A partir de 1830 e até o fim do Império, a imprensa brasileira foi, na prática, livre. O oposto de seu pai, D. Pedro II jamais se incomodou com as críticas publicadas. Foram frequentes as charges que o retrataram em situações ridículas. Um dos apelidos que os jornais adversários lhe deram foi Pedro Banana. Até mesmo fake news contra ele circularam sem sofrer repressão.

 

 

Embora jornais o ridicularizassem, D. Pedro II não perseguia a imprensa (imagem: Biblioteca Nacional Digital)

 

Numa carta à princesa Isabel, D. Pedro II explicou:

“Entendo que se deve permitir toda a liberdade nestas manifestações [da imprensa] quando não se dê perturbação da tranquilidade pública, pois as doutrinas exprimidas nessas manifestações pacíficas se combatem por meios semelhantes, menos no excesso. Os ataques ao imperador, quando ele tem consciência de haver procurado proceder bem, não devem ser considerados pessoais, mas apenas manejo ou desabafo partidário”.

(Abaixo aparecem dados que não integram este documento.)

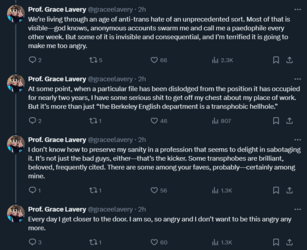 Screenshot 2024-04-16 015359 - Copy.png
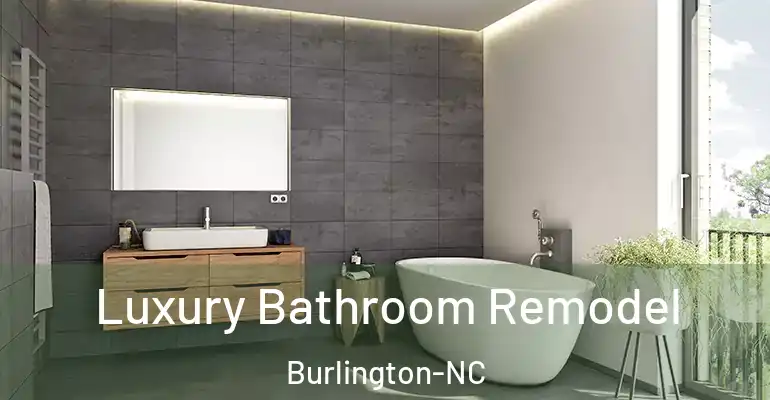 inner Bathroom imggen Luxury Bathroom Remodel Burlington-NC
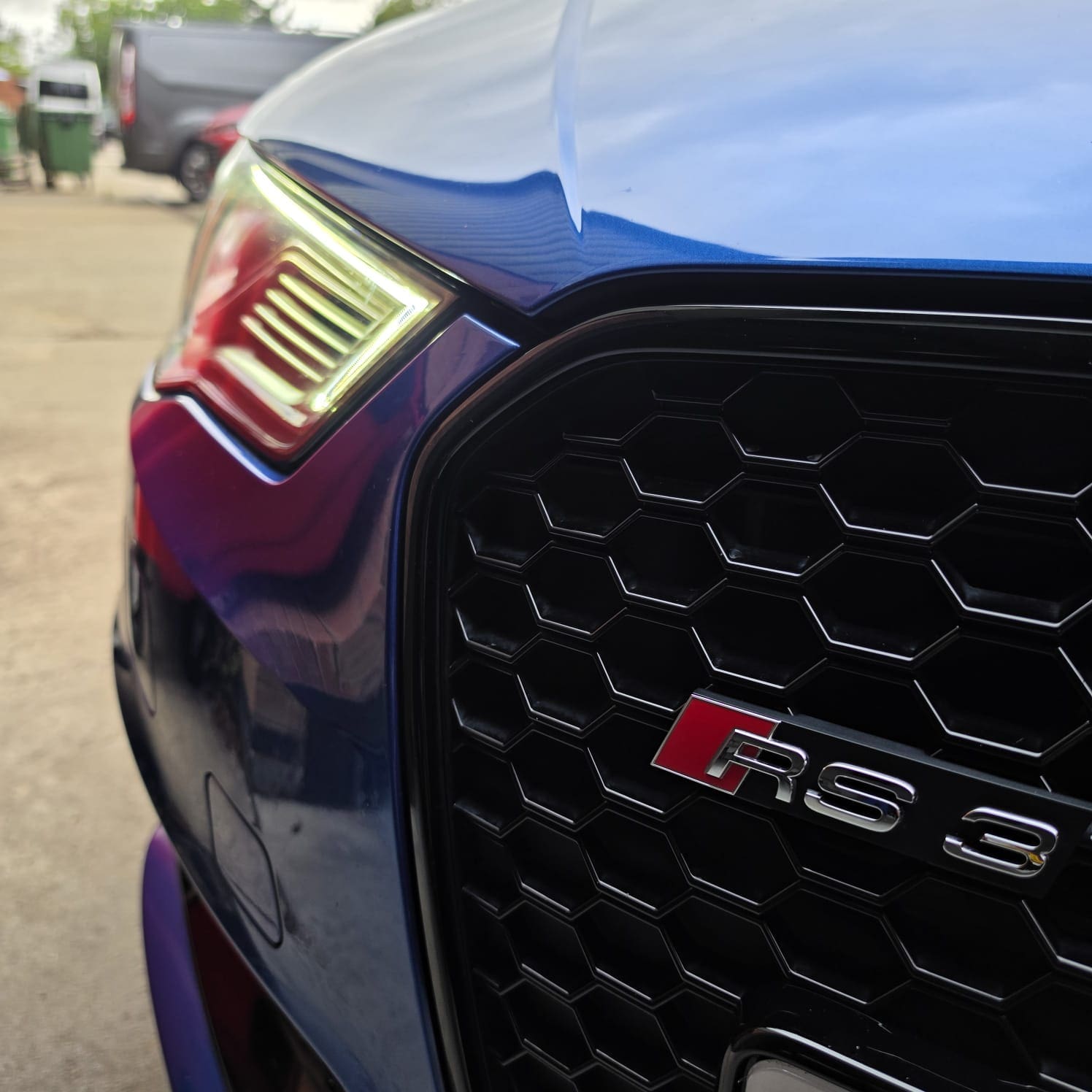 audi-rs3-ghost-immobiliser-installation-8v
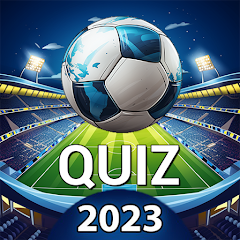 Soccer Quiz: Football Trivia - Apps on Google Play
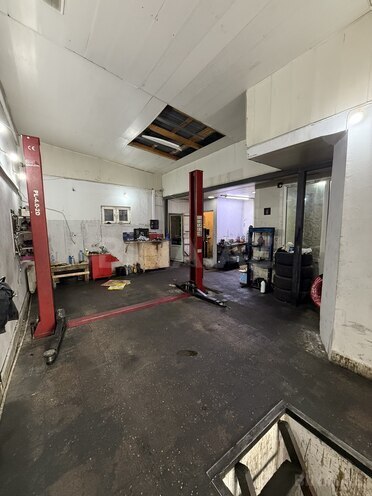 Satılır  obyekt 100 m², Elmlər Akademiyası m., photo 6 from 17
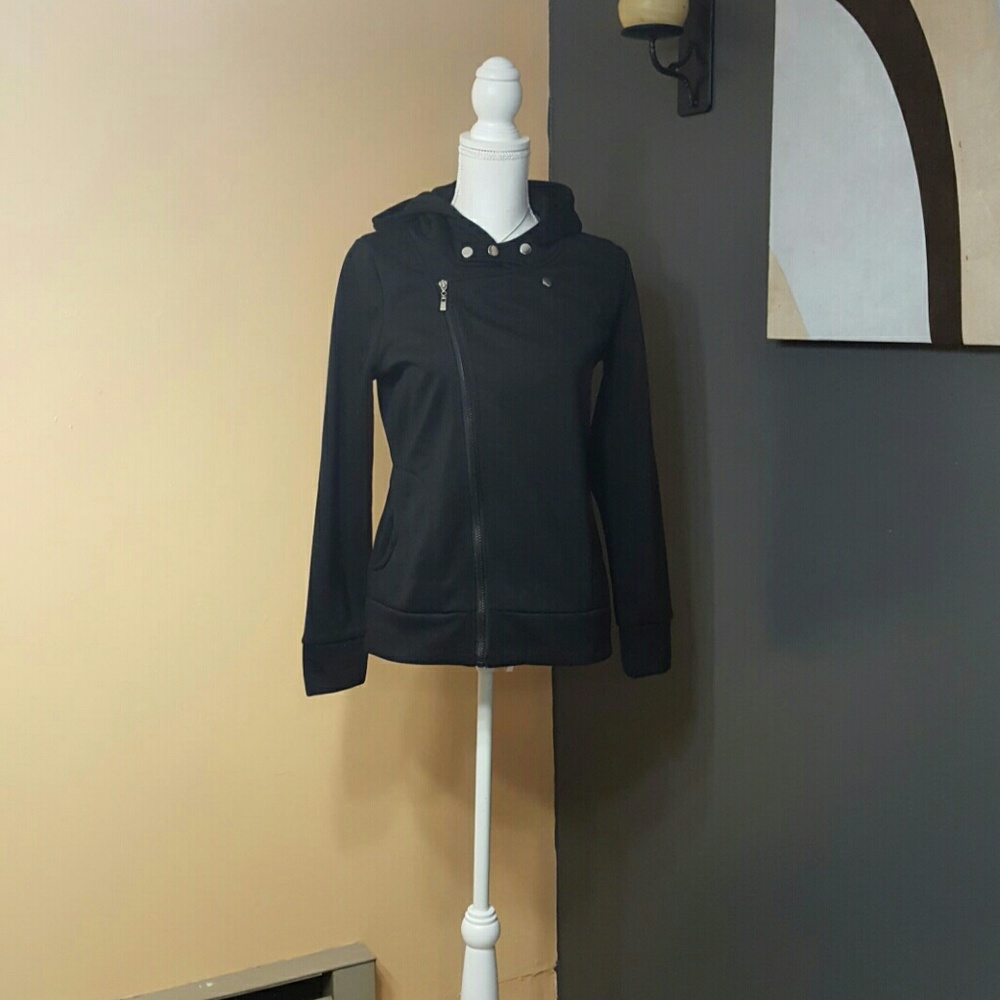 Sweater - Picture 2 of 5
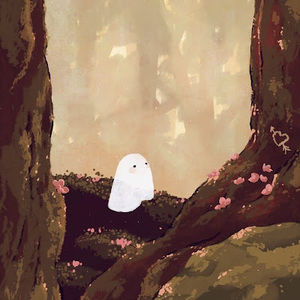 Meet your Posher, Ella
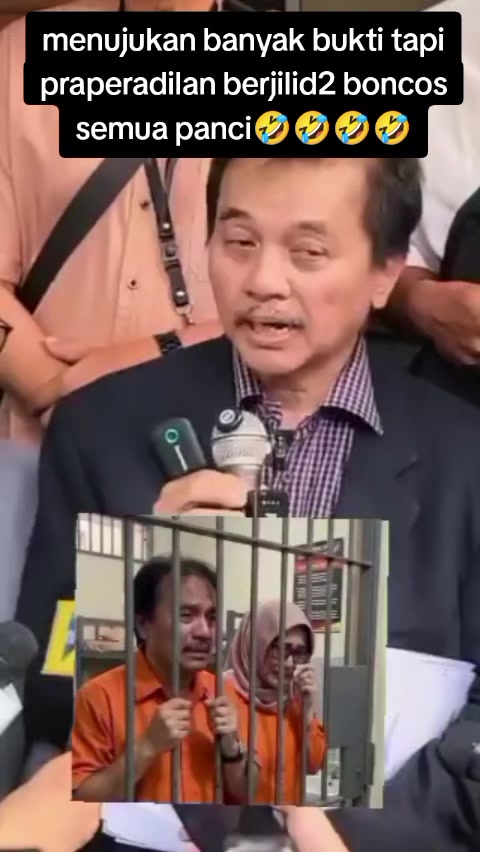 @BWKnews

Reportagem e edição: Ricardo Westin

Pesquisa histórica: Arquivo do Senado

Edição de multimídia: Bernardo Ururahy

Edição de fotografia: Pillar Pedreira

Montagem da Capa: Aguinaldo Abreu

Fonte: Agência Senado

 

 

SAIBA MAIS – Assista à conversa entre os Profs. Drs. Fábio Ferreira e Isabel Lustosa intitulada "O nascimento da imprensa no Brasil: entre D. João VI e D. Pedro I"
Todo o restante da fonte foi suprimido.